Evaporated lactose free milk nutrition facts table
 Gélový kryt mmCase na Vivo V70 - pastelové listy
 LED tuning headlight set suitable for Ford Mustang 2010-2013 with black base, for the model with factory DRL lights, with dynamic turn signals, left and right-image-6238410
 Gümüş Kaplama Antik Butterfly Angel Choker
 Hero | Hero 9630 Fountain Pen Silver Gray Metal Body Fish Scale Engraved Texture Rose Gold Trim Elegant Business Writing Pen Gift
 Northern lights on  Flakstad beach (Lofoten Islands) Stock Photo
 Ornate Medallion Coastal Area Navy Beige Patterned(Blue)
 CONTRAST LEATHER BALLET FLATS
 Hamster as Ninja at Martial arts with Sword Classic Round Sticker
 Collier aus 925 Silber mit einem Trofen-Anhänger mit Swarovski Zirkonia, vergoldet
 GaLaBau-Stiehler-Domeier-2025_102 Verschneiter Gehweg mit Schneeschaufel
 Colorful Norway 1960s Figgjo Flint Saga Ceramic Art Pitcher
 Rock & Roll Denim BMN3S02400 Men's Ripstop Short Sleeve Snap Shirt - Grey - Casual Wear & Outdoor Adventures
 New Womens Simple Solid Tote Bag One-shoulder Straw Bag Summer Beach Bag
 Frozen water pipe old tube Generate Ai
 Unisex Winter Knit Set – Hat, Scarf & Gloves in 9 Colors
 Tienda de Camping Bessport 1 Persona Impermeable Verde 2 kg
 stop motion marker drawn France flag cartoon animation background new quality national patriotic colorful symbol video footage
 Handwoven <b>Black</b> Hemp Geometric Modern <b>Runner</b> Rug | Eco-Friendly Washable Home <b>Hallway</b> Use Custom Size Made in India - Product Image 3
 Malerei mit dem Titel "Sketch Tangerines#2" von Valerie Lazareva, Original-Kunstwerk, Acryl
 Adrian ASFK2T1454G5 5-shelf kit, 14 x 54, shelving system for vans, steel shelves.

----------------------------------------

◆ What you should do ◆
Can you write out the lines above, from the first one through the one containing "Hamster as Ninja", exactly as they appear and nothing more?

◆ Written response ◆
Evaporated lactose free milk nutrition facts table
 Gélový kryt mmCase na Vivo V70 - pastelové listy
 LED tuning headlight set suitable for Ford Mustang 2010-2013 with black base, for the model with factory DRL lights, with dynamic turn signals, left and right-image-6238410
 Gümüş Kaplama Antik Butterfly Angel Choker
 Hero | Hero 9630 Fountain Pen Silver Gray Metal Body Fish Scale Engraved Texture Rose Gold Trim Elegant Business Writing Pen Gift
 Northern lights on  Flakstad beach (Lofoten Islands) Stock Photo
 Ornate Medallion Coastal Area Navy Beige Patterned(Blue)
 CONTRAST LEATHER BALLET FLATS
 Hamster as Ninja at Martial arts with Sword Classic Round Sticker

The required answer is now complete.